The Trapped Girl (Tracy Crosswhite #4)(44)
“It was March twelfth.”
“No, I mean do you remember that day?” Faz noted Gonzalez was not wearing a wedding ring and guessed the young man had recalled an attractive young woman like Andrea Strickland.
“Oh, uh, yes. Sort of.”
“Tell us what you remember,” Del said, taking out a small spiral notebook and pen.
Gonzalez’s gaze flicked to the pad and pen, then back to Faz. “Just that she wanted to open the two accounts. She said she’d been relocated by her business.”
“Did she say what type of business?” Faz asked.
“It was an outdoor apparel company, I believe.”
“Did she say where she’d moved from?”
“Somewhere in Southern California, I believe. I remember because she joked about the company having more clients since it rains so much here.”
“What else do you recall?” Faz asked.
Gonzalez glanced away as if trying to remember. “She said she’d just divorced and was tired of the guys in Southern California. She said the whole scene was too superficial for her. She said she was staying with a girlfriend until she found her own place.”
And Faz was certain that nugget of well-placed information had piqued Gonzalez’s interest, just as Andrea Strickland, aka Lynn Hoff, had intended it to. High school education maybe, but she was smart and she knew how to play the game.

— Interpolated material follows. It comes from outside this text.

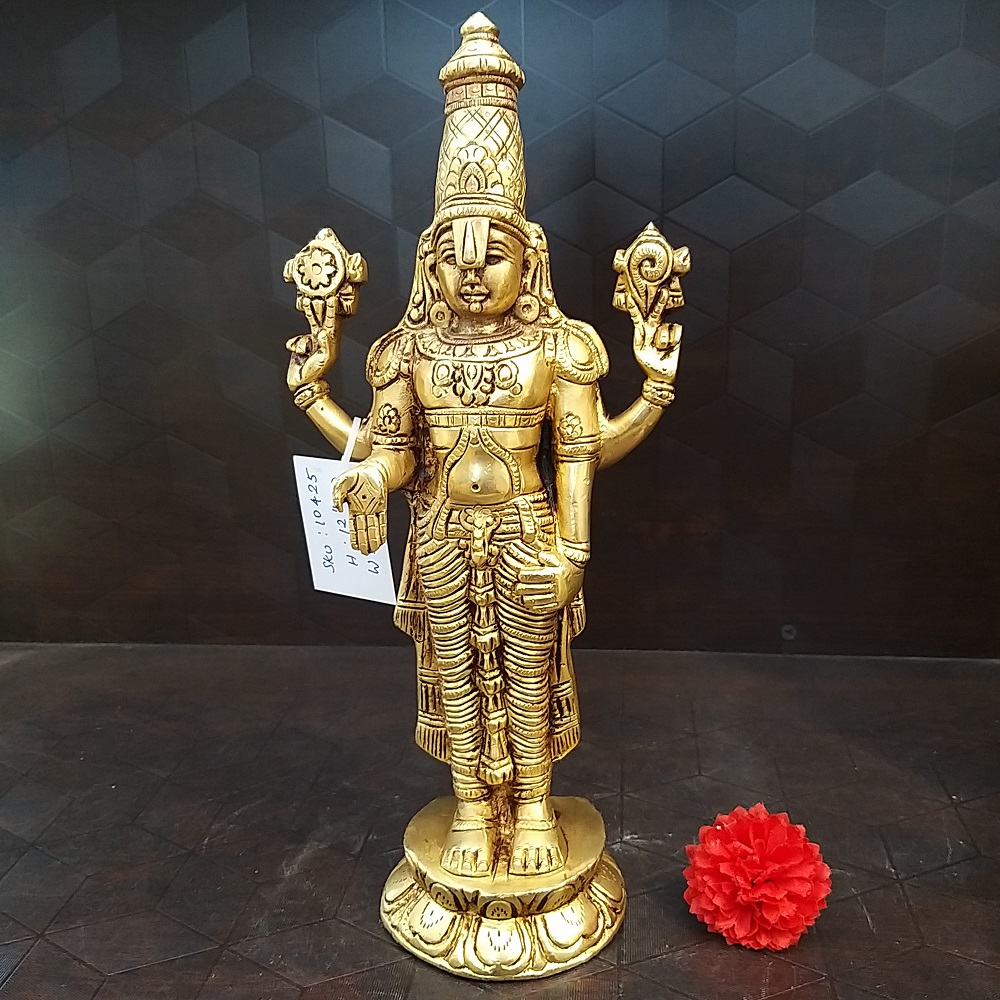 brass-perumal-idol-home-decor-pooja-items-hindu-god-statues-pooja-items-gift-buy-online-india Brass Perumal Superfine Idol- 10" - Image 1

“You helped her open the accounts?” Faz said.
“I did.”
“How much did she deposit in the business account on her initial visit?”

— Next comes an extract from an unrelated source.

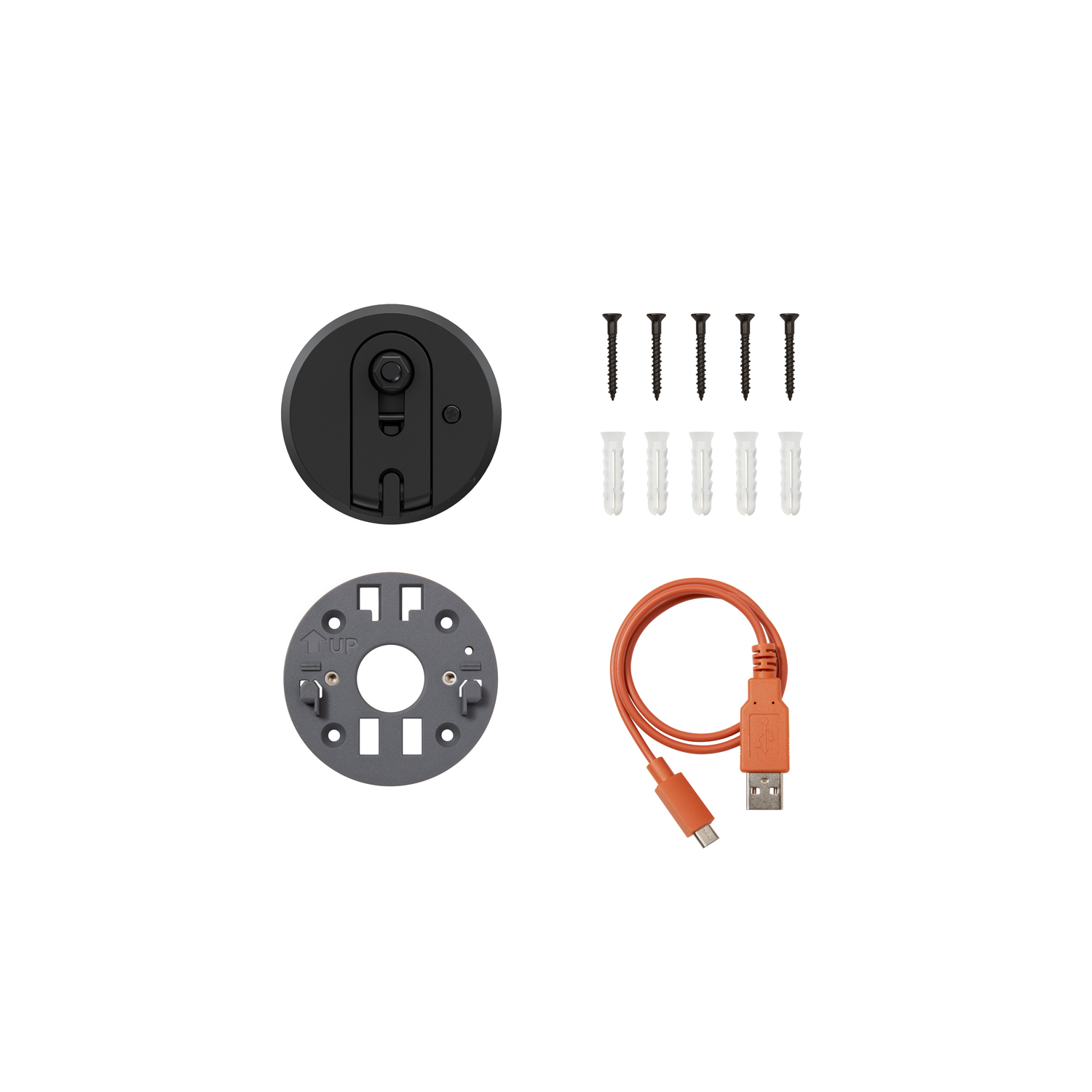 Black:Spare Parts Kit (For Outdoor Camera Plus Battery)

Gonzalez didn’t even look at the printed sheets of paper on his desk. “It was just a couple hundred dollars.”
“Did she make deposits to that account?”
“Almost daily.”
Faz noticed Del glance at him. He loved being right.
“May I?” Faz asked.
Gonzalez handed him the sheets of paper. Del leaned over Faz’s shoulder. As Faz had suspected, Strickland had made a steady stream of deposits and withdrawals intended not to draw attention—$1,775, $1,350, $2,260. Over the ensuing month and a half, these small deposits and withdrawals to the business account had increased. The amount of money that had moved through the account had added up to $128,775.42. The Emerald Credit Union was clearly not the only bank account Andrea Strickland had opened. The question was, where had she transferred the rest of the money, and in whose name? Faz was betting the money had gone overseas, to a country that did not report on the identity of its customers.
The number that caught his eye, however, was in the far column on the last line, the one indicating Lynn Hoff’s balance in both accounts: $0.00.

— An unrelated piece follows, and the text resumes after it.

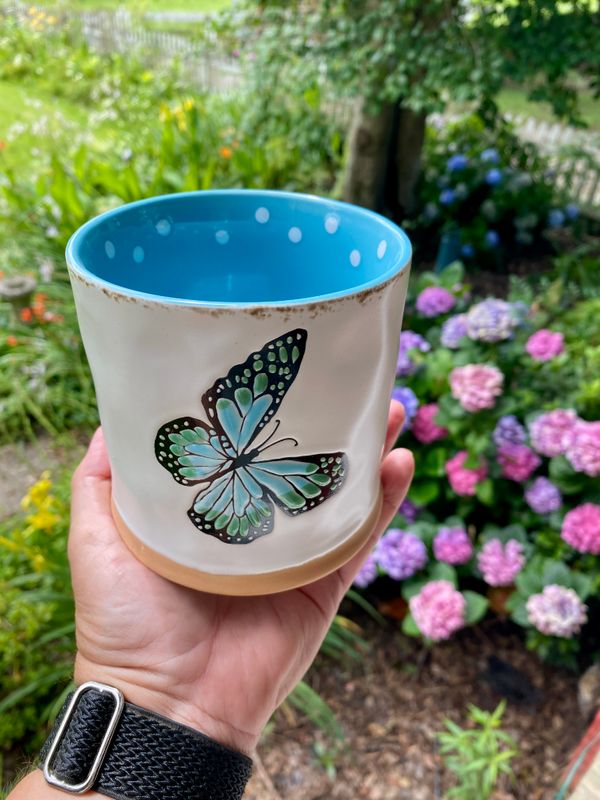 Bright Whimsical Butterfly Ceramic Planter Pot 4&quot; in Blue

“She closed the accounts,” Faz said, looking up at Gonzalez. “Did she close the accounts?”
“Apparently.”
“You didn’t close it for her?”
“She didn’t come in.”
To open an account a customer had to personally go into a bank and provide proper identification. That was not necessary to transfer the money and close the account, which could be done electronically—if the person had the account number and password.
Faz looked at Del. “She closed the account June twenty-sixth,” he said, not bothering to elaborate. Del knew it was the Monday after Kurt Schill had pulled Andrea Strickland’s body from the depths of Puget Sound.
CHAPTER 16
I got my job back at the insurance company working for Brenda, and that first week back she invited me to lunch to “catch up.” I think she was worried about me and, as my surrogate mom, felt it her duty to make sure I was okay. I wasn’t, of course. I now fully understood the man I had married—manipulative, abusive, probably manic-depressive. I knew he would continue to try to take advantage of me so long as he thought he could gain access to my trust funds. At present, he was on his best behavior, but only because he had to be. He had nowhere to go. His job search was not going well. BSBT, not surprisingly, would not provide him with a recommendation. When prospective employers called, BSBT’s human resources director “declined to comment,” which was a law firm’s way of saying the ex-employee was incompetent or dishonest, without getting sued, and every employer knew it. Graham continued to spin it, saying he didn’t want to work for someone else, that the real money “was in working for himself.” I ignored his comments. Most recently, Graham was talking to a law school roommate who had opened his own firm in a house and was looking for some attorneys to attend depositions and appear in court.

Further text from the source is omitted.